◆ Work instructions
Word for word, retype the first line of the records and every following line through the one containing "3rd image of 1250 Park Ave W APT 428".

◆ Recorded data
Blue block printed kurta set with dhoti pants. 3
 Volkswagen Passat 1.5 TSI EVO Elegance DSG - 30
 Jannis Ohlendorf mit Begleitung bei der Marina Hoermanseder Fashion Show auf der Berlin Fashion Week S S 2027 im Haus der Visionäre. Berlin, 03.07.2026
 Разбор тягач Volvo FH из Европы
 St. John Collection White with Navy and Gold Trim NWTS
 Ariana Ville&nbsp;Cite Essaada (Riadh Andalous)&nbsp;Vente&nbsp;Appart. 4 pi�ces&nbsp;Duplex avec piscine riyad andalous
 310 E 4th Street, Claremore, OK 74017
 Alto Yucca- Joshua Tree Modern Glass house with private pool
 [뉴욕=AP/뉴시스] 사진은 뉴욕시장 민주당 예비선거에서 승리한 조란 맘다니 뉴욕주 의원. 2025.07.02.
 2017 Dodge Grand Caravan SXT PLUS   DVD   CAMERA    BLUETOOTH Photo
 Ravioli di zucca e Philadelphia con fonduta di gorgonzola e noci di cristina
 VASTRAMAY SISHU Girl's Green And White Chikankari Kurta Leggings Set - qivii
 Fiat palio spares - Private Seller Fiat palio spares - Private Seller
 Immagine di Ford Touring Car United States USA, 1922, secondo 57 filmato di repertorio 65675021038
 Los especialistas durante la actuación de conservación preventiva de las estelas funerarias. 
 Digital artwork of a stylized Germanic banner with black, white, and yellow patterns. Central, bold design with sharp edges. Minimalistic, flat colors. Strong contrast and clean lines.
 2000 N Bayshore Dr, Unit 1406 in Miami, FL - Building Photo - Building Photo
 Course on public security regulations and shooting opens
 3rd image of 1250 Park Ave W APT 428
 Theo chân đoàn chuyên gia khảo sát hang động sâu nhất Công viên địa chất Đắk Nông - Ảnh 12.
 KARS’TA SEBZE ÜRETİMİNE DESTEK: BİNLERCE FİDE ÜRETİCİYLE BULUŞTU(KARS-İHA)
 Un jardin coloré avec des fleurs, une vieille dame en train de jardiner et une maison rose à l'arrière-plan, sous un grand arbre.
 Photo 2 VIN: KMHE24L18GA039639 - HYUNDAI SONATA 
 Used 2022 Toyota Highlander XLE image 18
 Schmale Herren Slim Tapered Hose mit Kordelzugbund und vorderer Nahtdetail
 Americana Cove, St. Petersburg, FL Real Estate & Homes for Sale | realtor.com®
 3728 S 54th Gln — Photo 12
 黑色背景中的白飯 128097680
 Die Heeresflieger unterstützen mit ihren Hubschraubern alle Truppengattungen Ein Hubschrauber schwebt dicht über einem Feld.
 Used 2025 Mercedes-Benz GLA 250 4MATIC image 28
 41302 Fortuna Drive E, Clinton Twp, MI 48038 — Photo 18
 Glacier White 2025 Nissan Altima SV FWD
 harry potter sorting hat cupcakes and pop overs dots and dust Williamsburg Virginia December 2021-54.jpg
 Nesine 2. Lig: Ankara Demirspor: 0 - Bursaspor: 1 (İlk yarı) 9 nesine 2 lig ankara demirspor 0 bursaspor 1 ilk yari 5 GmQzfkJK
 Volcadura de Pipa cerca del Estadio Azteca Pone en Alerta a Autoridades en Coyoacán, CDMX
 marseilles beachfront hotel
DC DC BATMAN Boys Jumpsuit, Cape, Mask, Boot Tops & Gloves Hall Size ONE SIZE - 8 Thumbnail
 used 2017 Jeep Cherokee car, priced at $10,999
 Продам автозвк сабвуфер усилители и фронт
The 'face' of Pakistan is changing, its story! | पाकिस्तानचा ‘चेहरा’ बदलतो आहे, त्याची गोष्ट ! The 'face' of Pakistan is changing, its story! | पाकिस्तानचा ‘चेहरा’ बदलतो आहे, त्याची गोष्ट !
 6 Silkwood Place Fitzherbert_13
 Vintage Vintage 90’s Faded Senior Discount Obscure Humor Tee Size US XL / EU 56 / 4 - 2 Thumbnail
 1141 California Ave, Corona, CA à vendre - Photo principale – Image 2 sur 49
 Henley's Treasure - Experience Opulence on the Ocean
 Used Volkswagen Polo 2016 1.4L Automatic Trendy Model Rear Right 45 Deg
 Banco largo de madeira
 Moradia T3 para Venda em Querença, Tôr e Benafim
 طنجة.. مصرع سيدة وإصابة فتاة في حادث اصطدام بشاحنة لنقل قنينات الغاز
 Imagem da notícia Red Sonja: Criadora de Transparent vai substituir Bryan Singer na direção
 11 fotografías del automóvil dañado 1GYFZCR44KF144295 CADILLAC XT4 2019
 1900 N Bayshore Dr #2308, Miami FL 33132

◆ Solution below
Blue block printed kurta set with dhoti pants. 3
 Volkswagen Passat 1.5 TSI EVO Elegance DSG - 30
 Jannis Ohlendorf mit Begleitung bei der Marina Hoermanseder Fashion Show auf der Berlin Fashion Week S S 2027 im Haus der Visionäre. Berlin, 03.07.2026
 Разбор тягач Volvo FH из Европы
 St. John Collection White with Navy and Gold Trim NWTS
 Ariana Ville&nbsp;Cite Essaada (Riadh Andalous)&nbsp;Vente&nbsp;Appart. 4 pi�ces&nbsp;Duplex avec piscine riyad andalous
 310 E 4th Street, Claremore, OK 74017
 Alto Yucca- Joshua Tree Modern Glass house with private pool
 [뉴욕=AP/뉴시스] 사진은 뉴욕시장 민주당 예비선거에서 승리한 조란 맘다니 뉴욕주 의원. 2025.07.02.
 2017 Dodge Grand Caravan SXT PLUS   DVD   CAMERA    BLUETOOTH Photo
 Ravioli di zucca e Philadelphia con fonduta di gorgonzola e noci di cristina
 VASTRAMAY SISHU Girl's Green And White Chikankari Kurta Leggings Set - qivii
 Fiat palio spares - Private Seller Fiat palio spares - Private Seller
 Immagine di Ford Touring Car United States USA, 1922, secondo 57 filmato di repertorio 65675021038
 Los especialistas durante la actuación de conservación preventiva de las estelas funerarias. 
 Digital artwork of a stylized Germanic banner with black, white, and yellow patterns. Central, bold design with sharp edges. Minimalistic, flat colors. Strong contrast and clean lines.
 2000 N Bayshore Dr, Unit 1406 in Miami, FL - Building Photo - Building Photo
 Course on public security regulations and shooting opens
 3rd image of 1250 Park Ave W APT 428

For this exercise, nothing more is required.